Di saat kita menjadi pemimpin dalam melaksanakan suatu proyek, berbagai badai penghadang terkadang melemahkan semangat kita. Di tahap persiapan, kita dihadapkan oleh masalah berubah-ubahnya lingkup pekerjaan. Para user , kehendaknya bagai laut tanpa batas, lingkup rencana yang telah disusun dengan baik dan ditetapkan, bisa berubah total, karena pendapat seseorang.

Belum lagi saat memilih lalu merancang langkah-langkah untuk mencapai tujuan. Apakah pondasinya menggunakan tiang pancang atau menggunakan pondasi jaring laba-laba, menghadapi keruwetan tersendiri. Masalah-masalah disbursment dan birokrasinya terkadang membuat rencana-rencana tak berjalan dengan semestinya. Masalah anggaran memang sangat memusingkan.

Kualitas yang tak sesuai dengan spesifikasi juga pasti pernah dialami. Closet dalam spesifikasi, mestinya bermerek ”Toto”, dalam pelaksanaannya diganti dengan merek ”Toyo” yang harganya setengah dari harga merek ”Toto”, begitu juga kualitasnya. Belum lagi komputer dalam spesifikasi bermerek ”Acer”, ternyata ketika diterima, hanya casing-nya saja, isinya diambil dari merek ”Ager”

Masalah internal tim kerja juga demikian. Anda menghadapi orang-orang yang merasa bisa tapi tak bisa merasa. Banyak cakap, benar-benar pakar alias tanpa karya, hanya omong doang. Komunikasi mandeg, pengawas dan pemeriksa datang terus menerus tiada henti dilengkapi gertak sambal yang mengerikan. Belum lagi cibiran masyarakat sekeliling yang penuh syak wasyangka dan pandangan negatif tentang proyek, bagaikan melihat tumpukan uang yang menggunung. Belum lagi ketika resiko bencana benar-benar terjadi.. Kontraktor-kontraktor dengan kecanggihannya dalam menjepit pimpinan proyek hingga jadi tak berkutik.
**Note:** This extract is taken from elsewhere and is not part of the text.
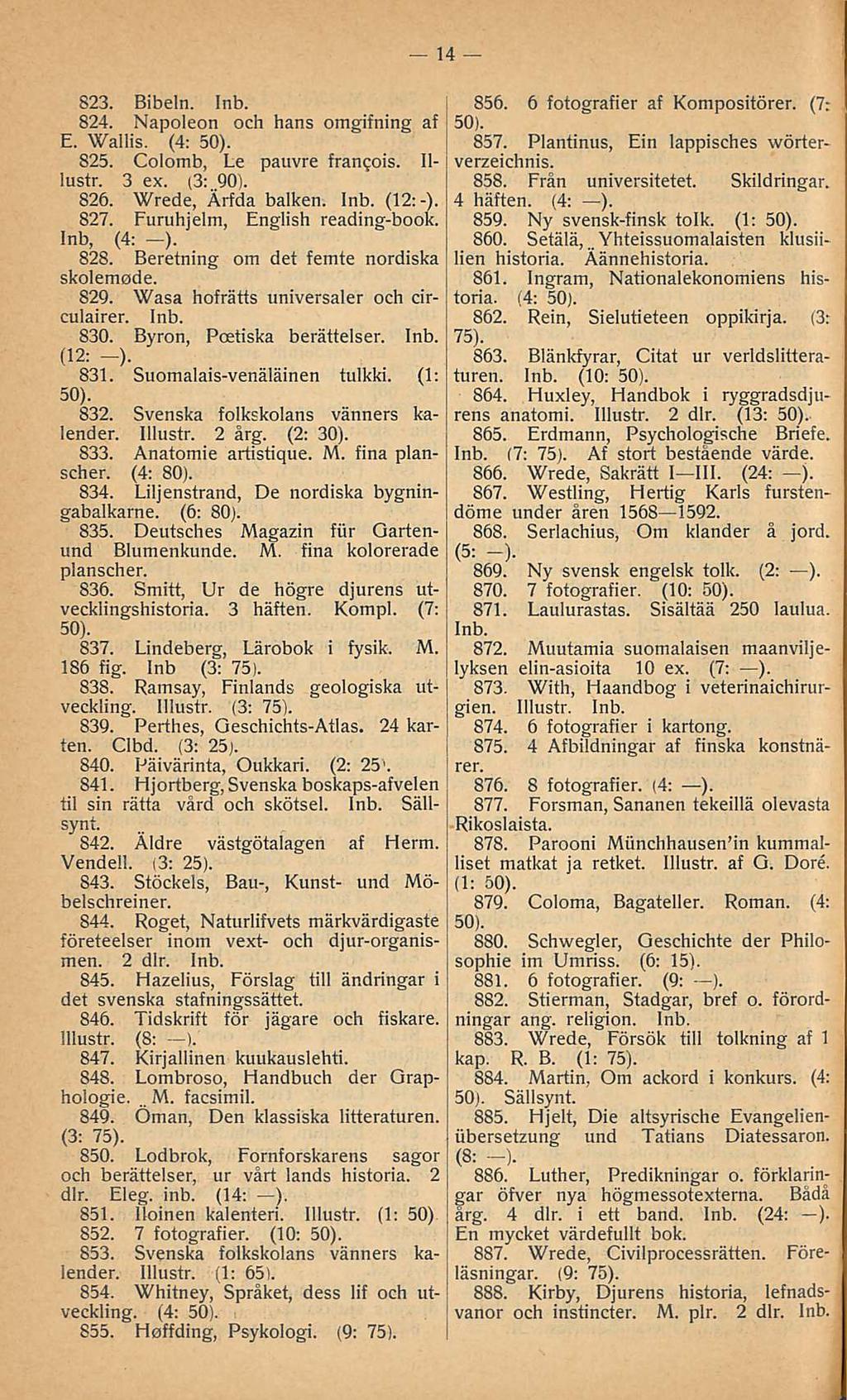 14 823. Bibeln. 824. Napoleon och hans omgifning af E. Wallis. (4: 825. Colomb, Le pauvre francois. Illustr. 3 ex. (3:. 90). 826. Wrede, Ärfda balken. (12:-). 827. Furuhjelm, English reading-book.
Badai demi badai datang bergelombang, masalah laksana tiada henti, semuanya itu bisa menurunkan semangat dan keyakinan akan keberhasilan dalam mencapai tujuan.
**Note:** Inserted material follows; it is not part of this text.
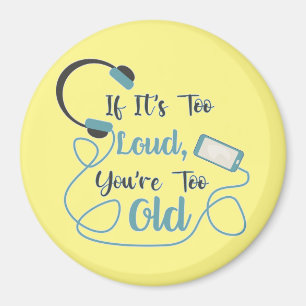 If it's too loud, you're too old music funny quote magneet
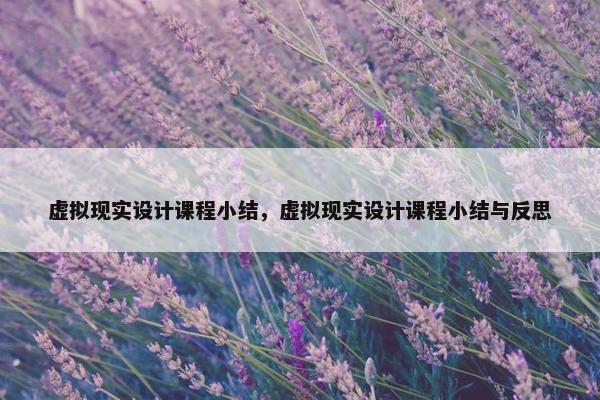 虚拟现实设计课程小结，虚拟现实设计课程小结与反思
Uh... rasanya lelah sekali. Anda perlu ”obat bius” – untuk menahan rasa sakit – hingga amanah yang dibebankan, bisa sampai ke garis finish. Walau tercobak-cabik pakaian, walau kulit tergores penuh luka, walau muka hitam berlumur lumpur – anda harus bawa bendera perang dan menancapkannya di garis yang telah disepakati.

Di tengah badai yang bisa menyurukan semangat, hiburlah diri anda, dengan memikirkan ”warisan” yang dapat anda berikan kepada seluruh project stakeholder dan masyarakat sekitar. Bayangkan gedung-gedung kuliah yang megah, yang nantinya dapat dinikmati oleh mahasiswa yang mendemo anda, bayangkan komputer-komputer yang dilengkapi koneksi ke internet yang bisa dipakai oleh dosen-dosen yang mencaci maki anda, bayangkan ruang pimpinan yang layak dan terhormat, bagi dekan-dekan yang meremehkan kemampuan Anda.
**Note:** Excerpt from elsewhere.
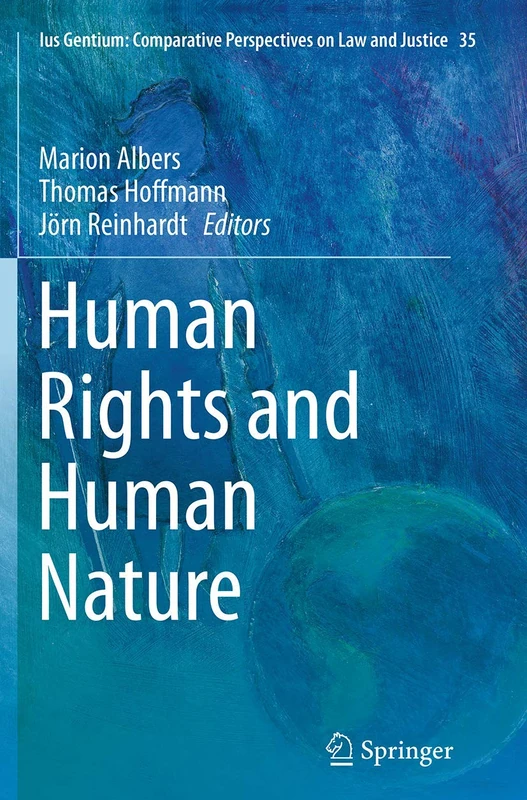 Human Rights and Human Nature: 35 (Ius Gentium: Comparative Perspectives on Law and Justice, 35)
Anda akan mewariskan sesuatu yang permanen, walau anda telah tiada, berpuluh tahun kemudian. Hasil keringat, ketabahan anda menerima cacian, ketebalan telinga anda dalam mendengar cibiran, akan terbayar di masa datang, karena anda telah memperbaiki kehidupan orang-orang, karena outcome dari proyek yang anda tangani. Tentu akan lebih indah lagi, ketika orang-orang dalam institusi anda, menggunakan hasil karya anda untuk menghasilkan karya-karya lain yang lebih berarti.

Sodara-sodara, ini belum tentu diartikan untuk mencari ketenaran, pengaruh atau tumpukan kekayaan, akan tetapi, yang akan lebih membahagiakan adalah, akan banyak orang yang melanjutkan misi anda, karena outcome dari proyek anda telah menjadi sarana utama agar orang lain mampu mengembangkan diri. Warisan anda akan dikenang sepanjang masa.

Mengelola proyek pastilah menemui banyak masalah, semoga tabah, dan selalu ingatlah outcome yang anda akan ”wariskan” pada institusi anda. Jadikanlah impian tentang kemajuan yang akan terjadi, menjadi obat bius yang mampu menahan rasa sakit akibat tusukan kerikil kecil dalam perjalanan menuju pelabuhan tujuan.

Maju terus pantang mundur. Merdeka !!!